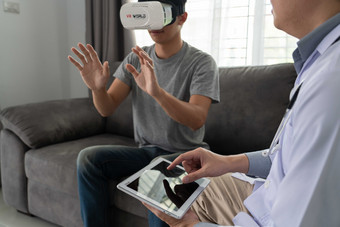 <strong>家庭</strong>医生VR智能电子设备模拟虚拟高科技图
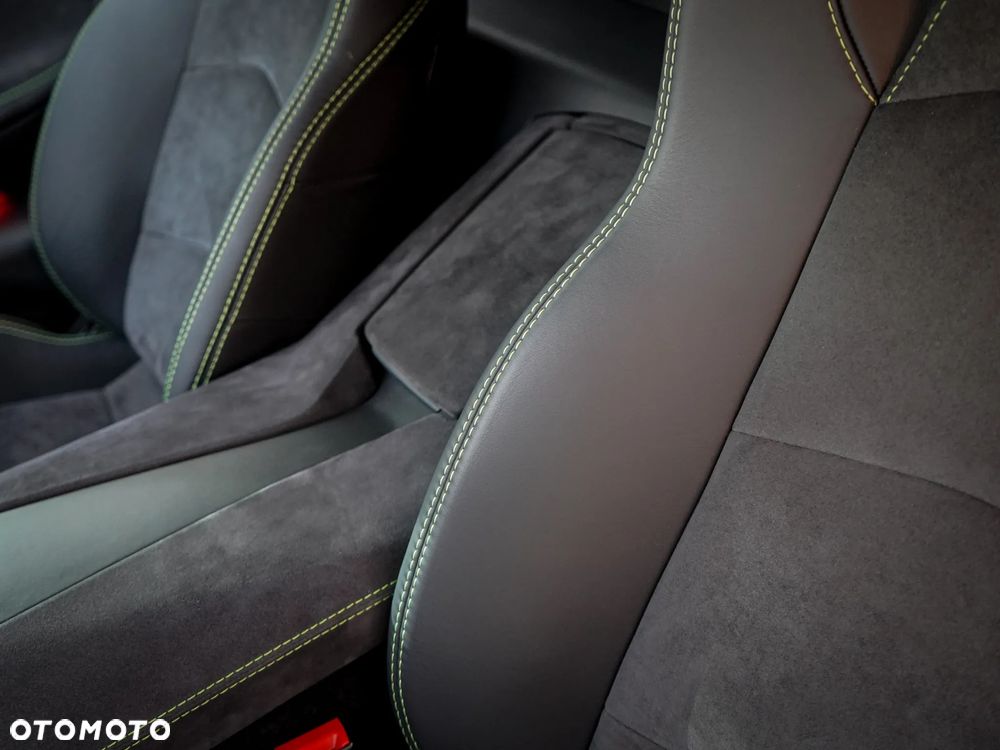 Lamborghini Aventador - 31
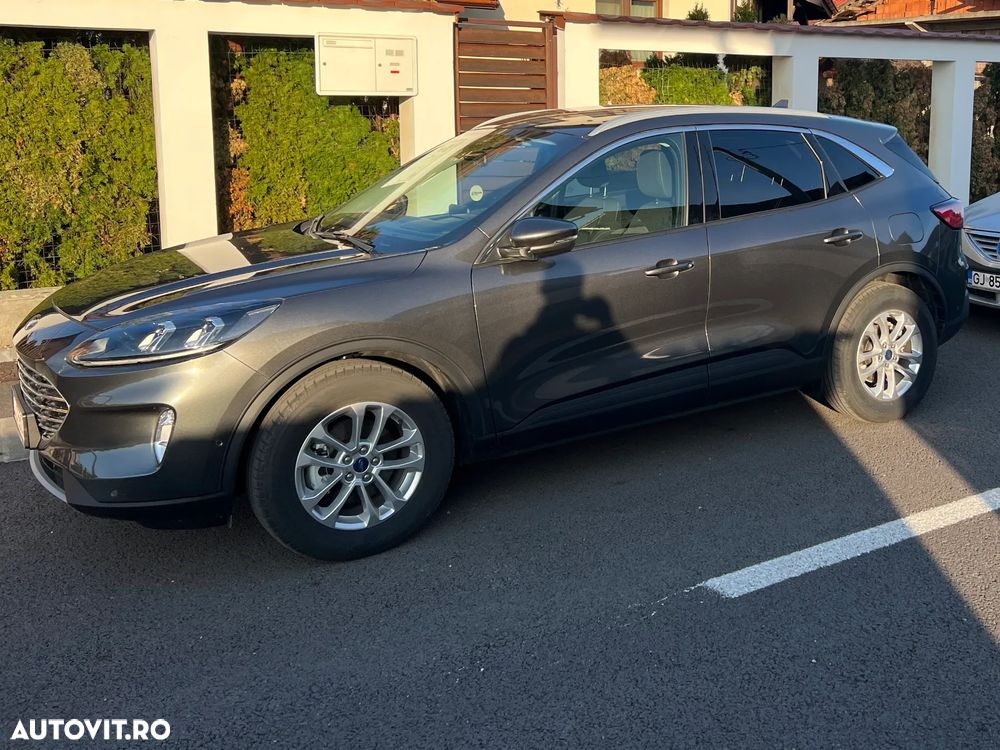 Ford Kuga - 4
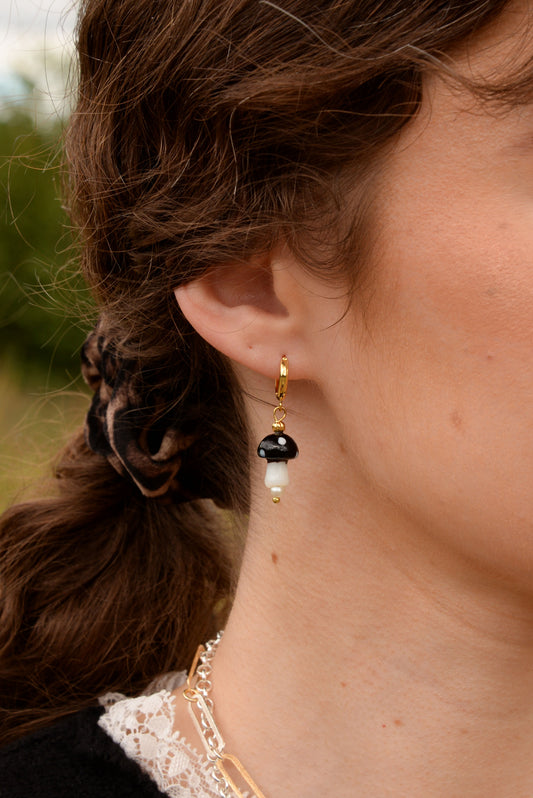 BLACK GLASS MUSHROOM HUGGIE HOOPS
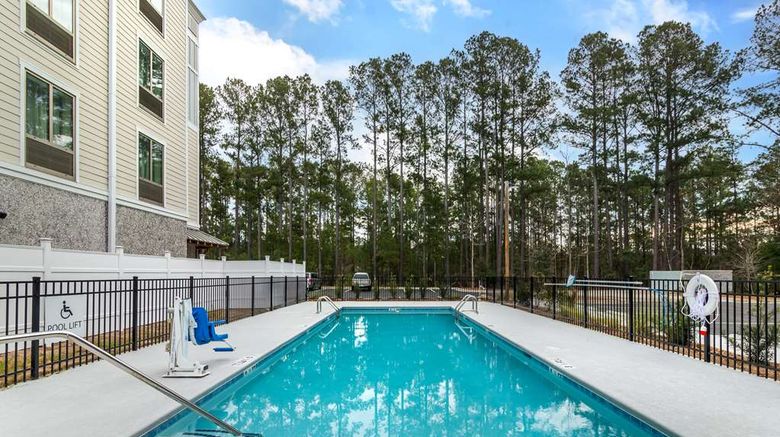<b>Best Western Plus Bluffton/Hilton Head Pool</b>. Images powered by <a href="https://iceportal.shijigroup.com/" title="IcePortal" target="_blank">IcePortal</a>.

---

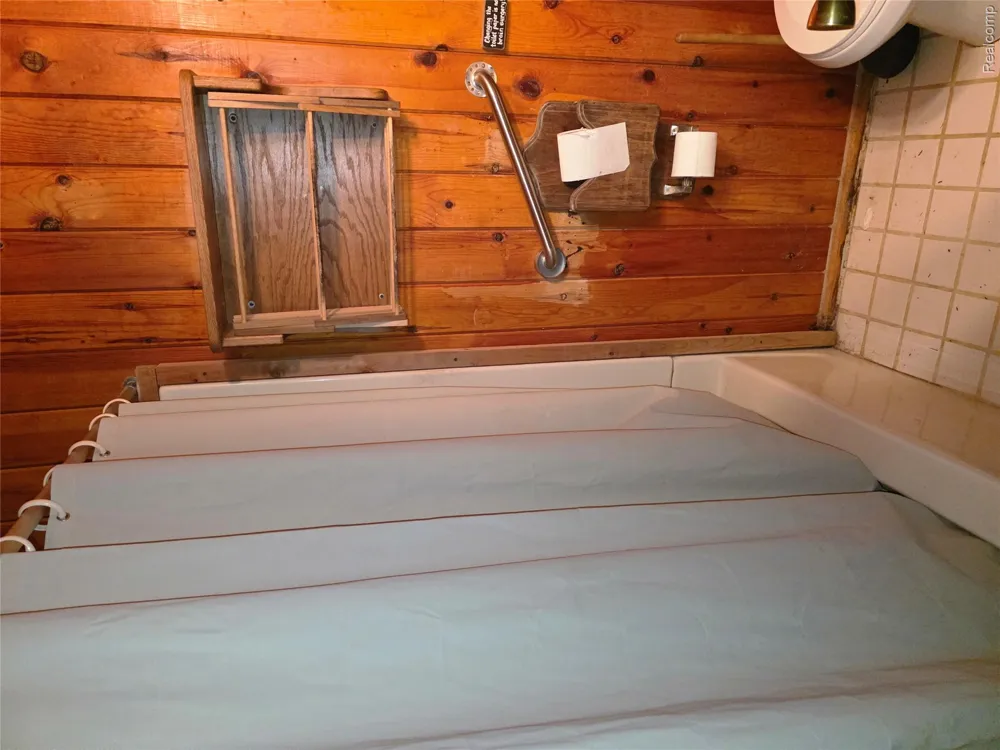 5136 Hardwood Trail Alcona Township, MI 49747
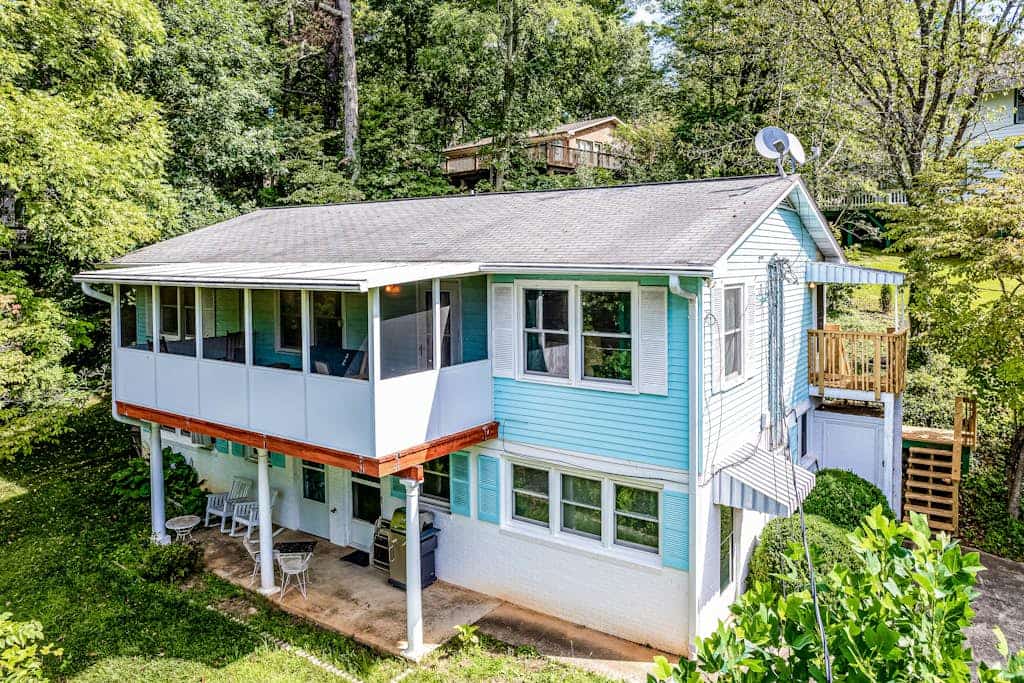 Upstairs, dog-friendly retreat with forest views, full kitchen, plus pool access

## Activity
Among the entries above, find the line with "5136 Hardwood Trail" and repeat exactly from there through the line with "Upstairs, dog-friendly retreat", leaving out the pictures.

## Reply
 5136 Hardwood Trail Alcona Township, MI 49747
 Upstairs, dog-friendly retreat with forest views, full kitchen, plus pool access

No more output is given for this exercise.